We can use this setup to model the number of visits at sample \(i\) by species \(s\) as

\[ \begin{aligned} & y_{is} \sim \text{Poisson}(\lambda_{is}) \\ & \log(\lambda_{is}) = \theta_{0s} + \theta_{1s} \times x_i \\ \end{aligned} \]

where parameters \(\theta_{0}\)s and \(\theta_{1}\)s are sampled from a multivariate normal with mean related to species traits and variance-covariance related to the phylogenetic similarity among species as described above.

Simulation

Lets simulate some data.

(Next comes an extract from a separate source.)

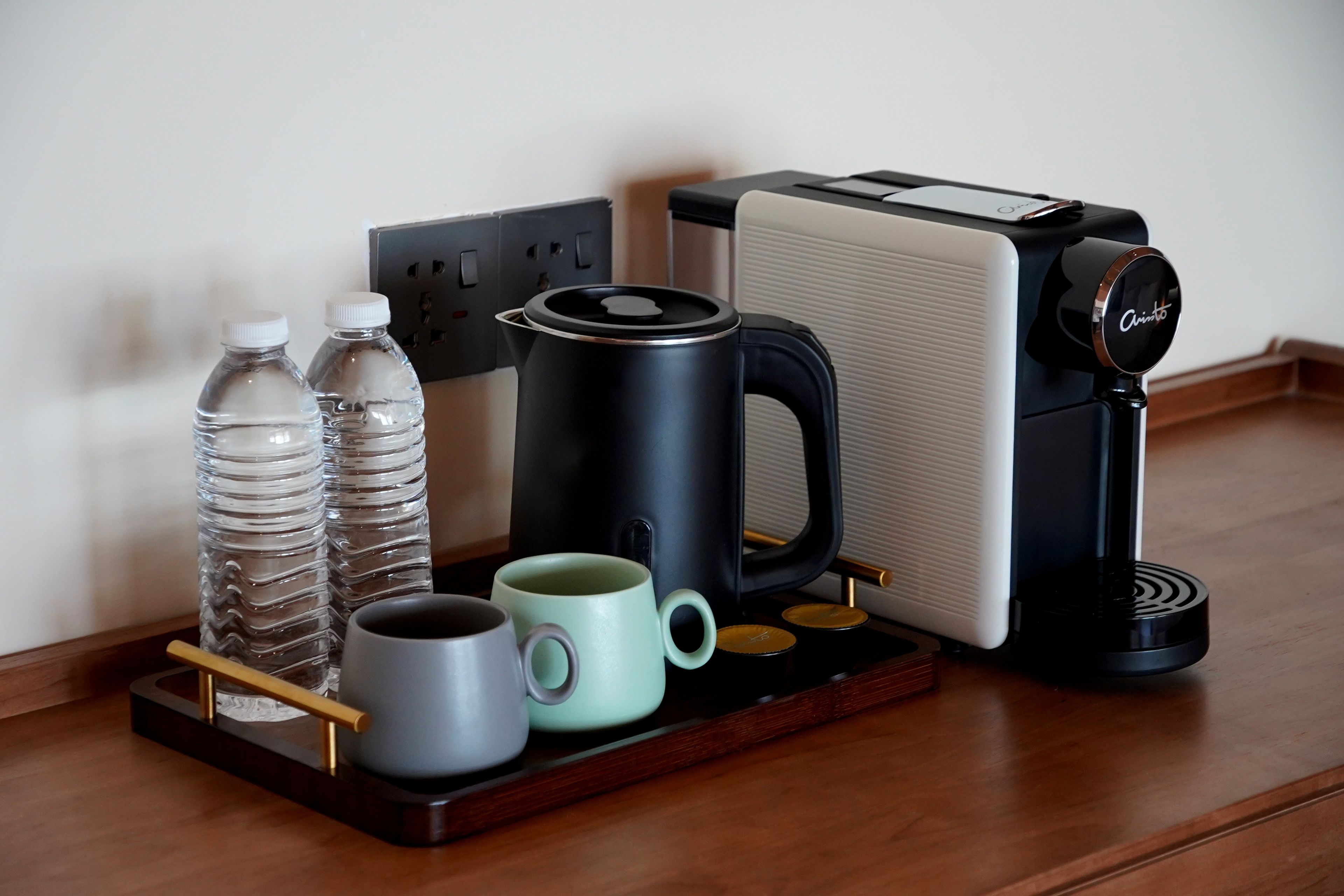 A coffee maker, two water bottles, and two mugs on a tray.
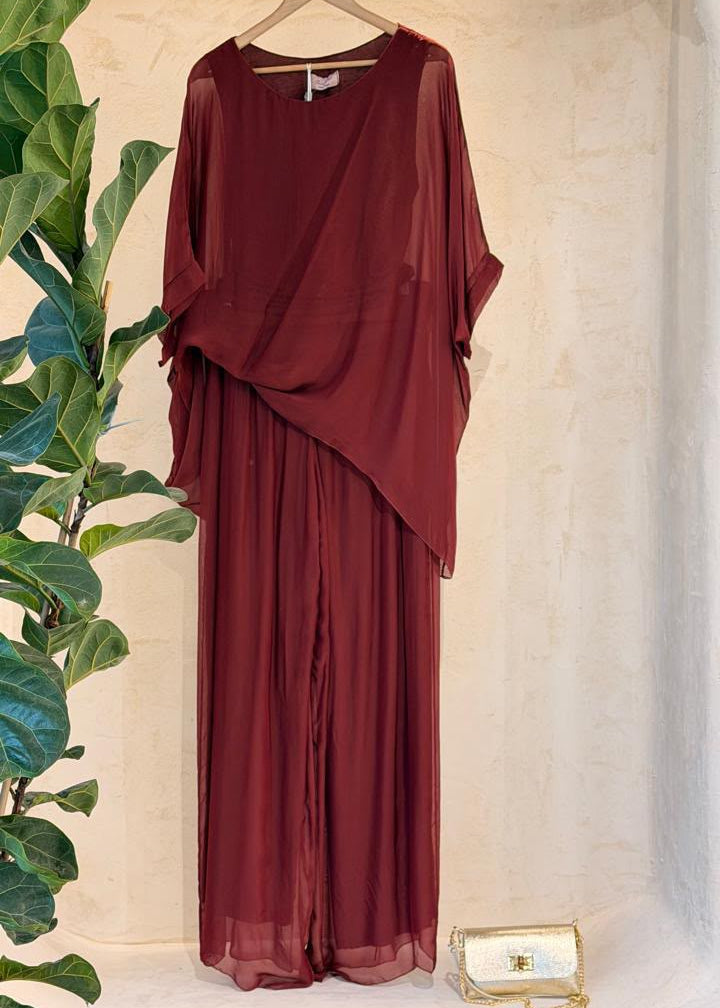 Italian Silk Two-Piece Set — burgundy asymmetric top and pleated pants on hanger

For this, we start by defining the parameter structure as described above

library(ape)
library(mvtnorm)
set.seed(1234)

n.s <- 50  # number of bird spp
n.p <- 2   # number of parameters
n.t <- 2   # number of traits

# define species traits
frug <- rbeta(n.s, 1, 1)    # degree of frugivory
log_bm <- rnorm(n.s, 0, 1)  # log body mass

# define trait matrix includding ones for the intercept
TT <- as.matrix(cbind(rep(1, n.s), scale(frug), scale(log_bm)))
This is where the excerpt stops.